触覚として何かにふれたり包まれることで無意識下で脳にたくさんの情報が流れ込んでいます。それが満員電車の時にように不快につながることもありますが、逆にゆったり落ち着く手助けになることも大いにあります。
例えばパートナーや母子などで親密度が高い関係性がある場合はむしろ近い距離にいることで安心感や温かい気持ちが増しますし、他人同士でもどのような環境でどのように触れるかによって相手に緊張感を与えることもリラックスした状態を生み出せるかも変わってきます。ストレスを感じたとき、そして日々のストレスケアとして自分が信頼できる人にゆだねる時間を持ったり、自分や家族に大切に触れるということを習慣にしていけたらよいですね。
赤ちゃんへのマッサージは母のこころもゆるめる
生まれたばかりの赤ちゃんは視力もまだ弱く、脳を調べると感覚器の中で一番触覚への反応が強いそう。赤ちゃんがなんでも口に入れて舐めたがるのは、生まれつき敏感で発達している感覚器を積極的に活用しているのですね。
赤ちゃんをだっこしたり優しくなでるマッサージは愛情ホルモンとも呼ばれるオキシトシンが分泌され、赤ちゃんの成長やこころの安定を助ける効果が期待できますが、何より産後疲弊している母親のこころのケアとしてもとてもよいのでぜひ実践してほしいと思っています。
私たち大人もやわらかく心地よいものに触れることでオキシトシンが分泌され、こころが休まったりリラックスする効果があります。赤ちゃんを慈しむ気持ちで触れることは、大人にとっても赤ちゃんにとってもこころをゆるめる時間になります。
赤ちゃんの発達を助けてママにも赤ちゃんにもよい赤ちゃんマッサージを指導しているのですが、まずは声を掛けながら腕をやさしくゆっくりなでることからはじめて頂ければOK。
腕にはストレスや神経のバランスをとってくれる※経絡(心包経・三焦経)があります。※経絡とは東洋医学における全身をめぐる気の流れの通り道のようなものです。そして前腕の皮膚には感情にかかわる受容器が多いので、まずは腕の前面、背面をやさしくなでてみましょう。自分で自分の腕を撫でるセルフケアもおすすめです。セルフケアの際も赤ちゃんに触れるような気持ちでやさしく触れてみてください。
ストレスを緩和するための触れるケアのポイント
1.冷たい手で行わない。冷たい手で触れると交感神経にスイッチが入るため、リラックスしたいときやストレスを緩和したいというときは暖かい手で触れるようにしましょう。
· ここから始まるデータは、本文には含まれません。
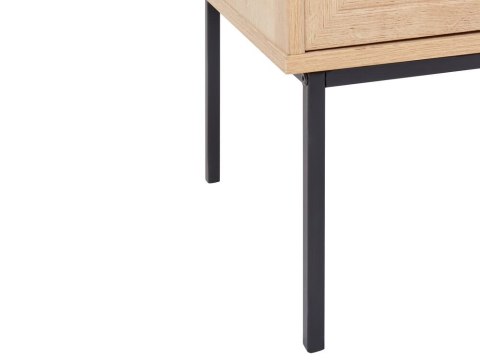 Komoda 6 szuflad fronty rattanowe jasne drewno PASCO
冬場や炊事仕事で手が冷えている場合はかならず手をあたためてから。
2.早い速度でこすったりしない。肌を痛めるリスクの他、緊張感が生まれやすいため、触れるときもいきなり触れずにゆっくり触れていきましょう。小動物をなでる時のようなイメージをすると良いでしょう。動物に触れるときはいきなり触ったら相手がびっくりして噛みつくかもしれないのでゆっくりやさしく触りますよね? ゆっくり優しく触れてゆっくり離すのがポイント。
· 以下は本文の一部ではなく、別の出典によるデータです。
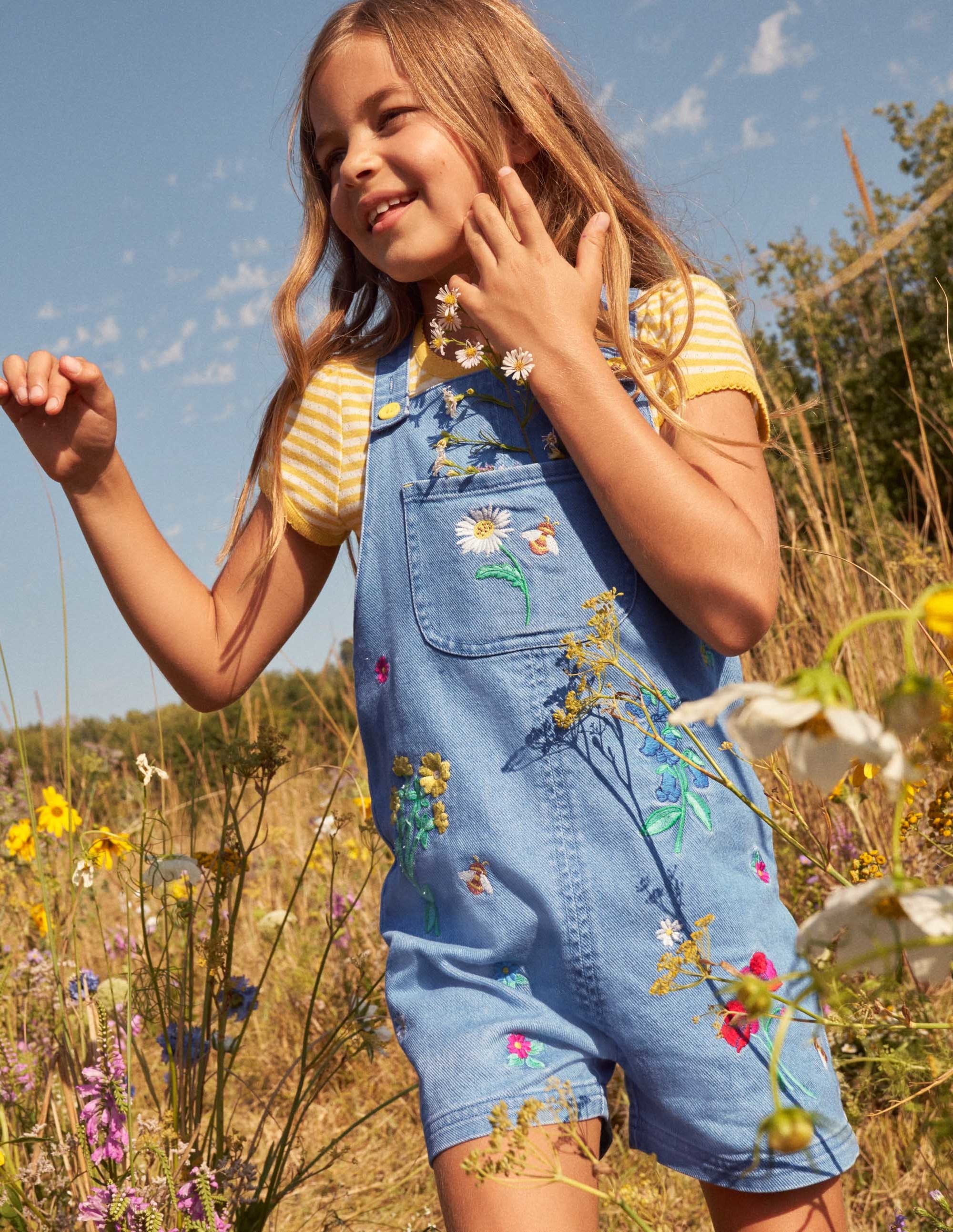 Embroidered Short Dungaree-Mid Vintage Denim Floral - Image 7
3.指先だけでなく手のひら全体と相手の(または自分の)腕の皮膚がそれぞれバターのように溶け合っているようなイメージでゆっくりなでる。ストレスケアに特化して触れるときは押したりせずなでるという感じで行います。びくびくと指先でふれるかふれないかの感じはくすぐったかったり緊張感を与える場合があるのでしっかり手の平と皮膚を密着させると良いでしょう。
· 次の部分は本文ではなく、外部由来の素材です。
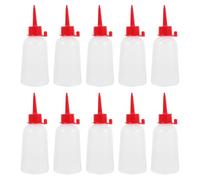 HOMSFOU 10 Pièces Flacon Plastique Ldpe 100ml à Aiguille | Bouchon Rouge, Paroi Translucide, Application Contrôlée pour Condiments et Huiles, Atelier ou Projet Créatif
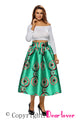 Sexy Green African Print A-line Pleated Midi Skirt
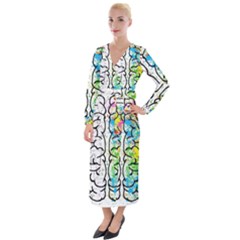 Brain Mind Psychology Idea Drawing Velvet Maxi Wrap Dress by Ndabl3x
呼吸法や瞑想だけでなく皮膚からのストレスケアぜひ習慣にして頂けたらと思います。小さなお子さんがいらっしゃる方は赤ちゃんでなくでも親子で「バターがトロトロに溶けた~」などと言いながらなでなでしあいっこしてみましょう。セルフケアの際は、肌触りよい肌着などを選ぶのもオキシトシンが分泌されてストレスケアにつながります。ぜひ肌触りのよい肌着やパジャマなどに身を包んで、自分に優しく触れる時間をとってみてくださいね。